US Imperialism Looks Beyond the Middle-East

September 5, 2008 12:00 am Published by Leave your thoughts

In US politics today we are witnessing two processes running parallel to one another, each gathering its own seemingly unstoppable momentum. While in the hermetically-sealed domain of electoral party politics the Democratic Party, perhaps the most hypocritical, smugly self-congratulatory organised group of persons on the planet, continues to churn out an interminable array of buzz-phrases and slick choreography themed around a vapid and disingenuous message of “change”, the mainstream media discourse offers a more instructive appraisal of the direction in which US imperialism is really heading, and, by extension, the total irrelevance of the Democrats’ ill-defined political position, and the key to their likely defeat in the forthcoming national elections.

Recent developments in Georgia have placed international relations firmly back on the editorial agenda of US media organisations, with commentators adopting increasingly aggressive language in support of the specious claim that we are in the midst of a “new Cold War”. This mood is exemplified by Arthur Herman’s article in Monday’s edition of the Rupert Murdoch-owned Wall Street Journal (“Russia and the New Axis of Evil”, Wall Street Journal, 1st September 2008), an excremental piece of journalism which is remarkable for its Orwellian distortions and utterly brazen aggressiveness. According to Herman, global security is under threat from an alliance between Russia, Iran and Venezuela. Noting that “the term “axis” has been overused in recent years, and in misleading contexts”, Herman asserts that “Russia, Iran and Venezuela are acting very much as Japan, Italy and Germany did in the 1930s, when each took advantage of each other’s aggressive moves to extend their own regional power at the expense of liberal democracy”.

That Herman’s principle accusation against Putin and Ahmadinejad is that they “clearly aim to control access to every major source of fossil energy from the western end of the Persian Gulf to the Caspian Sea” – a stretch of land and sea that is located almost entirely within the sovereign territories of their respective nations – reveals the true motive behind this sudden and quite uncharacteristic concern for “liberal democracy” in the developing world. When Herman refers to the “liberalising trends of globalisation” that he perceives to be under attack from the “three dictatorships”, what is really under discussion is the entitlement of these nations to control their natural resources. Any pretence of accuracy is sacrificed at the altar of this overriding imperialist drive to secure the “liberalisation” of the natural resources of Iran, Russia and Venezuela, ideally on terms favourable to US business and economic interests. So, without any shred of evidence for either proposition, Herman explains that “Iran has used its terrorist proxies to sow chaos in Iraq” (predictably, half a million killed by the US-led invasion in 2003 does not appear to register as “chaos”, for these purposes), and “Mr Chávez wages a proxy war against Colombia through the terrorists of FARC”. In respect of the latter, Herman identifies the murderous authoritarian regime of President Uribe in Colombia as one of “democracy’s vital new flanks”, which the US ought to support against the threat of “tyranny” posed by its neighbour Venezuela. The brazen mendaciousness and ideologically-stilted terms of reference will be familiar to anyone who followed the sham debate which preceded both of George W. Bush’s Middle-Eastern wars.

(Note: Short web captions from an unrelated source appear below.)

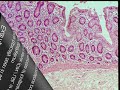 what is dysplasia pathology mini tutorial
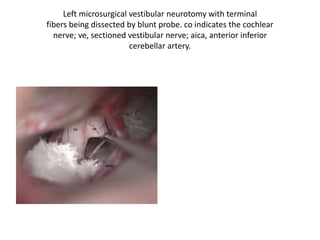 The posterior inferior cerebellar artery travels
through the nerve fiber roots of the accessory
nerve and
encircles the br...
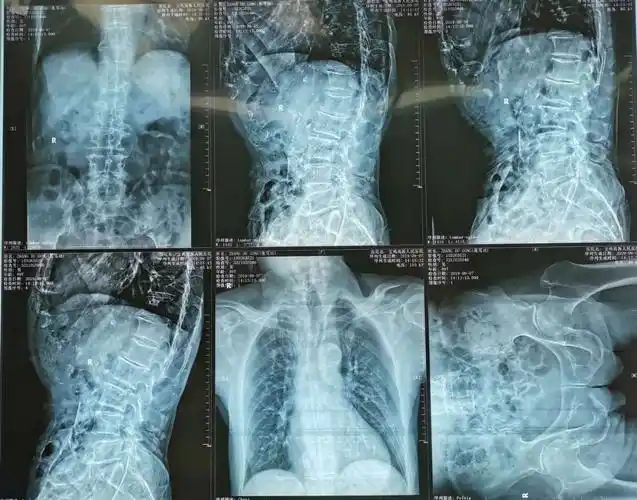 高新人民医院—陈广儒的美篇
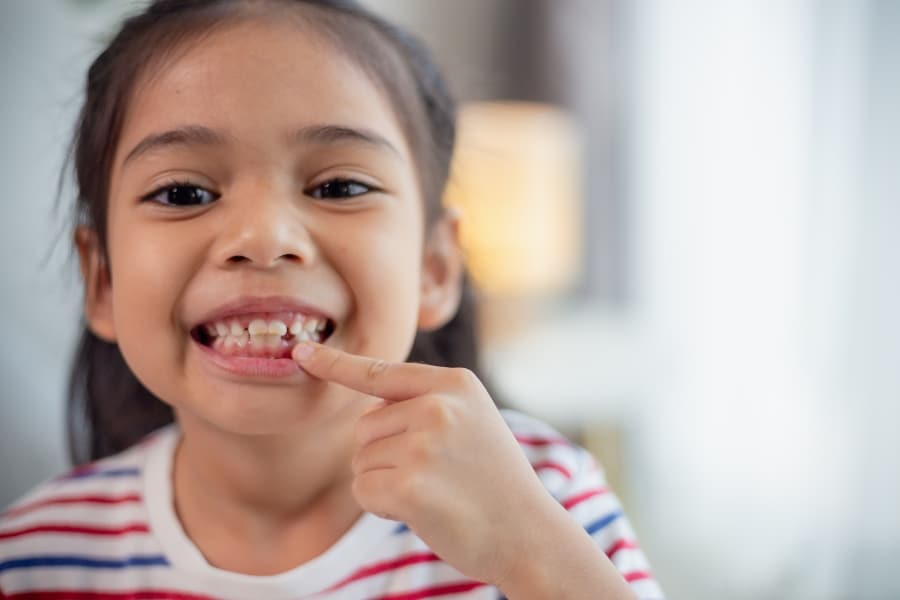 Qué pasa cuando no se caen los dientes de leche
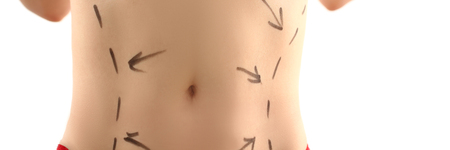 Female body stomach with markup before liposuction shaping surgery for surgeon concept closeupの写真素材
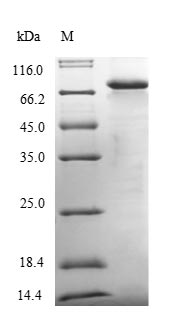 SDS-PAGE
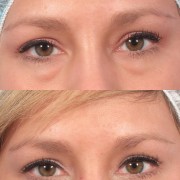 dr. brett kotlus eyelid bags non-surgical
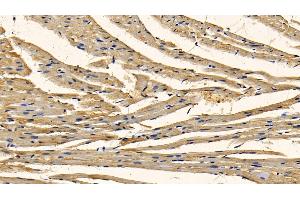 Detection of RIPK1 in Mouse Cardiac Muscle Tissue using Polyclonal Antibody to Receptor Interacting Serine Threonine Kinase 1 (RIPK1)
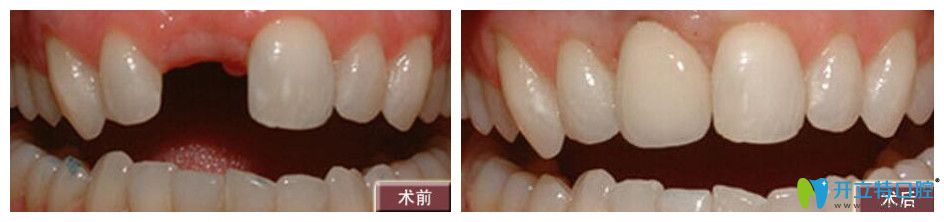 好佰年口腔孫成偉單顆牙即刻種植案例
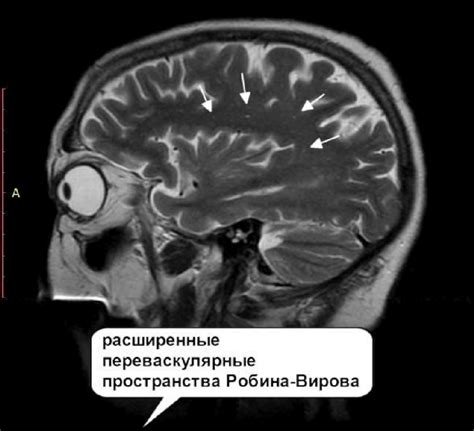 Глиоз резидуального характера: понятие и особенности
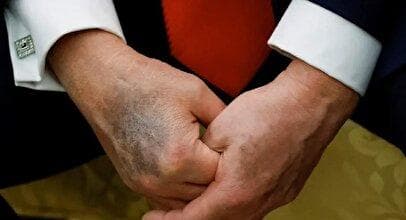 واکنش ونس به کبودی دست ترامپ/ اتفاقات وحشتناکی رخ داده است!
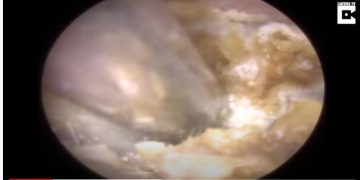 Το Αντέχεις;Γιατρός έβαλε κάμερα στο αυτί του ασθενή-Δες τι κατέγραψε![video]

Herman’s solution – and, in all probability, the solution that will in due course be adopted by Washington – is a “broad strategy of’sanctions and multilateral diplomacy, backed by US military power”. This manufactured crisis against a constructed enemy “axis” is a manifestation, in the political sphere, of an expansionist economic policy that is a matter of critical importance to the global hegemony of the United States. Elsewhere in its pages, the Wall Street Journal describes the Democratic presidential candidate Obama, without irony or satire, as a “leftist”. The truth is that the elite of the United States have nothing to fear from the Democrats, who will never have the inclination or the courage to challenge the might of the military-industrial complex or re-consider America’s imperial agenda. The electoral contest is an irrelevance here – the sabre-rattling of the Wall Street Journal is the truest indicator of where America is heading: it is not “change”, it is more of the same.